Short web captions
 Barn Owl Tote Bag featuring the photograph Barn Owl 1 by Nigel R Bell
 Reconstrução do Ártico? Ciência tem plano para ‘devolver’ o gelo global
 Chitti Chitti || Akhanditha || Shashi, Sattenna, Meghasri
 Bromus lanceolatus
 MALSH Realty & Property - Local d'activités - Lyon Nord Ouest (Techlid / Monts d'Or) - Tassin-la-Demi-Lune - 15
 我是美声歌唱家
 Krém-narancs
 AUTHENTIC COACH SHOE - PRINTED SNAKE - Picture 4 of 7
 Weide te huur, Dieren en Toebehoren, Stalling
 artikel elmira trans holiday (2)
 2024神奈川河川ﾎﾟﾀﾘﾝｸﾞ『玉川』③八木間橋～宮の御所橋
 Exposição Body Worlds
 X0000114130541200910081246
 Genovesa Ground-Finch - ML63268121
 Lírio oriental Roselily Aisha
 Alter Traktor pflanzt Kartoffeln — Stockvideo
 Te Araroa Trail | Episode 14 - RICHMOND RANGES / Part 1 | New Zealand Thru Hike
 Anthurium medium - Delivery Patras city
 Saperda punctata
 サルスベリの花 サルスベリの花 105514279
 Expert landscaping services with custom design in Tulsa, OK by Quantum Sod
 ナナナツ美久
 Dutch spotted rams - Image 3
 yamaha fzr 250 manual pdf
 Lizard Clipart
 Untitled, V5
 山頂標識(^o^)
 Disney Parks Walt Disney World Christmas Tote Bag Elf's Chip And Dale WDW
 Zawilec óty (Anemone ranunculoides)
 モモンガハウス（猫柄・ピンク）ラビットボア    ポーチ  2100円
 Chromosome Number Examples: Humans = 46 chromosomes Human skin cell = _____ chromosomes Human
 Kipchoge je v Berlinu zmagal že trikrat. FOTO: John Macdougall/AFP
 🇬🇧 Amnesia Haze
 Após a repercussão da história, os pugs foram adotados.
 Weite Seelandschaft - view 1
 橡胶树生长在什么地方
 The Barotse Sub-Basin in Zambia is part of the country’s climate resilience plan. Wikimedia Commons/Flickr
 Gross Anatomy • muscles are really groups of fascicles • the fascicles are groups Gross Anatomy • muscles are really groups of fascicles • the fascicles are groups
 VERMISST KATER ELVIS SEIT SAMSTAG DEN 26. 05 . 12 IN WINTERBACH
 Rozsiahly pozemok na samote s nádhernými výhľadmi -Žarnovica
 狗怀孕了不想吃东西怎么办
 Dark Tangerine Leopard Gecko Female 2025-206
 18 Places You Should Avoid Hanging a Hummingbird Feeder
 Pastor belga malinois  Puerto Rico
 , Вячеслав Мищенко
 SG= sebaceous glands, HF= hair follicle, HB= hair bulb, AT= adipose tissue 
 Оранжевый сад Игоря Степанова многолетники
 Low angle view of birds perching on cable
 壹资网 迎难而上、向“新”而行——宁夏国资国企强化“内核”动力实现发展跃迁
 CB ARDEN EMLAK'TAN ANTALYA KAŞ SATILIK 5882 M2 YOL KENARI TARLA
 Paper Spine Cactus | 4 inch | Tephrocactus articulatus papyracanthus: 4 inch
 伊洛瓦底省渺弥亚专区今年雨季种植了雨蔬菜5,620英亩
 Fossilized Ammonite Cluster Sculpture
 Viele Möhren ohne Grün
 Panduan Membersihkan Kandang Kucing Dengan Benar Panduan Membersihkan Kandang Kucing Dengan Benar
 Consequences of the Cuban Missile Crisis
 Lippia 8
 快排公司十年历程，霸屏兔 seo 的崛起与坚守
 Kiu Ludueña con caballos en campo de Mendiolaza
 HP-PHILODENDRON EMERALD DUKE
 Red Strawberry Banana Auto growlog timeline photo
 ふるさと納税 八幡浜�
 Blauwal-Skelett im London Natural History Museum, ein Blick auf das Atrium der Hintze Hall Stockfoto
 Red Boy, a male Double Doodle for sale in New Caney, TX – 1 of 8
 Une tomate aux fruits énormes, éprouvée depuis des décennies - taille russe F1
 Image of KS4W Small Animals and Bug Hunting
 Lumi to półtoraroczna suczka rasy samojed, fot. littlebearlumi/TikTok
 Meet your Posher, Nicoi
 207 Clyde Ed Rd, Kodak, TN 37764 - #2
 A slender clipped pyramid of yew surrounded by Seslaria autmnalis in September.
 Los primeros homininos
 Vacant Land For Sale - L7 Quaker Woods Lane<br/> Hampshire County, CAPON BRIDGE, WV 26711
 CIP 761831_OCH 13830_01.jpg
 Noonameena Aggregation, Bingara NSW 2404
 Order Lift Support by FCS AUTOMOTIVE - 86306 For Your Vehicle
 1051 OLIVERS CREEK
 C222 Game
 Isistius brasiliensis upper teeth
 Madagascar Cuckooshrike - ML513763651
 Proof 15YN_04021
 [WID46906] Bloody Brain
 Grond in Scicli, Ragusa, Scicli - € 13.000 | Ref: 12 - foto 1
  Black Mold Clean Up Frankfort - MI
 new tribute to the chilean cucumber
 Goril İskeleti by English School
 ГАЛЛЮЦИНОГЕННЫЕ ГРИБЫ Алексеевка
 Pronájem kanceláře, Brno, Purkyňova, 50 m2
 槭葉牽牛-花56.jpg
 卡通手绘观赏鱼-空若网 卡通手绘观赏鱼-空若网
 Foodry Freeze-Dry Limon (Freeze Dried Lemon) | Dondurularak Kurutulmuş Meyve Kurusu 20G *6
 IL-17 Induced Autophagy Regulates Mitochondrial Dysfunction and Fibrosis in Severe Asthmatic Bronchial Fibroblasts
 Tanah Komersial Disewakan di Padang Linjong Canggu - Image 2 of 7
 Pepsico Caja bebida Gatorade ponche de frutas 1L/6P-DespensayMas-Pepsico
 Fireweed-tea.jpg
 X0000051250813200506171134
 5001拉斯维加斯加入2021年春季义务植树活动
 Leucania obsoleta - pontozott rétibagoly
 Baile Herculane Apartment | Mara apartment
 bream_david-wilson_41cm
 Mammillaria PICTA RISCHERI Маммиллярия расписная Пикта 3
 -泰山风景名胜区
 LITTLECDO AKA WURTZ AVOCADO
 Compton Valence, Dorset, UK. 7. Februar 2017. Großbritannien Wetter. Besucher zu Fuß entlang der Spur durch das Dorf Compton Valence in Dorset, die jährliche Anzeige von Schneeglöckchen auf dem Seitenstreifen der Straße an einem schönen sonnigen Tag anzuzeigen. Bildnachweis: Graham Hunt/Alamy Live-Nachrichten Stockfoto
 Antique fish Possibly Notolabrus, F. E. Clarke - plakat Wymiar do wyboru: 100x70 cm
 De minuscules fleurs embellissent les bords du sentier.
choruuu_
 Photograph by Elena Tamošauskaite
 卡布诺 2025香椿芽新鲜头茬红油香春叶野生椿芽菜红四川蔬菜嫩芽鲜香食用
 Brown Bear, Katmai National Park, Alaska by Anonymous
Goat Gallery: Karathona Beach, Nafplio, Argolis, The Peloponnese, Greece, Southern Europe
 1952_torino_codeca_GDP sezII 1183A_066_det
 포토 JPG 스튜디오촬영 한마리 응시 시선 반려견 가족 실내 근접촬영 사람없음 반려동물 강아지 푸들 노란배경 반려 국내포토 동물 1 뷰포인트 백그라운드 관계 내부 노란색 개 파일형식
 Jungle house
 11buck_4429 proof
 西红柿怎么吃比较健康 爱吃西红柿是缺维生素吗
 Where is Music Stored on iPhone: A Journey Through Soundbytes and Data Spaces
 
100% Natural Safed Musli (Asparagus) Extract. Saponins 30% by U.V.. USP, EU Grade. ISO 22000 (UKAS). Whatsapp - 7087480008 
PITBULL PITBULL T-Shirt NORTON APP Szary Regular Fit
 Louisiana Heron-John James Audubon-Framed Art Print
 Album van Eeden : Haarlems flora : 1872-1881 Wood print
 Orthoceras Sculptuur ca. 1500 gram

**Task prompt:**
What you return should be exactly the lines above, starting at the one with "5001拉斯维加斯加入2021年春季义务植树活动" and ending at the one with "De minuscules fleurs", and nothing else.

**Answer:**
 5001拉斯维加斯加入2021年春季义务植树活动
 Leucania obsoleta - pontozott rétibagoly
 Baile Herculane Apartment | Mara apartment
 bream_david-wilson_41cm
 Mammillaria PICTA RISCHERI Маммиллярия расписная Пикта 3
 -泰山风景名胜区
 LITTLECDO AKA WURTZ AVOCADO
 Compton Valence, Dorset, UK. 7. Februar 2017. Großbritannien Wetter. Besucher zu Fuß entlang der Spur durch das Dorf Compton Valence in Dorset, die jährliche Anzeige von Schneeglöckchen auf dem Seitenstreifen der Straße an einem schönen sonnigen Tag anzuzeigen. Bildnachweis: Graham Hunt/Alamy Live-Nachrichten Stockfoto
 Antique fish Possibly Notolabrus, F. E. Clarke - plakat Wymiar do wyboru: 100x70 cm
 De minuscules fleurs embellissent les bords du sentier.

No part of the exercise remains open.